*Task goal*. Copy the lines of the entries exactly, from the opening one to the one holding "A shallow museum", and leave out everything after.

══ The data

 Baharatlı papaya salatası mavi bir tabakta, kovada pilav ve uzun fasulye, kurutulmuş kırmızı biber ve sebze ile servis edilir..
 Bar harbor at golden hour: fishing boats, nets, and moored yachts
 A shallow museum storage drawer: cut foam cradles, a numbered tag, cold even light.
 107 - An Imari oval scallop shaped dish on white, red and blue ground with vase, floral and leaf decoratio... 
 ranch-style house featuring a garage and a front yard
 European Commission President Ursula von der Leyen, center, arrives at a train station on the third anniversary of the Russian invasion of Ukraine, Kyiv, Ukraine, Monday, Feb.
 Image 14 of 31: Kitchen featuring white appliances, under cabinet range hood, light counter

════

*Your solution*.
 Baharatlı papaya salatası mavi bir tabakta, kovada pilav ve uzun fasulye, kurutulmuş kırmızı biber ve sebze ile servis edilir..
 Bar harbor at golden hour: fishing boats, nets, and moored yachts
 A shallow museum storage drawer: cut foam cradles, a numbered tag, cold even light.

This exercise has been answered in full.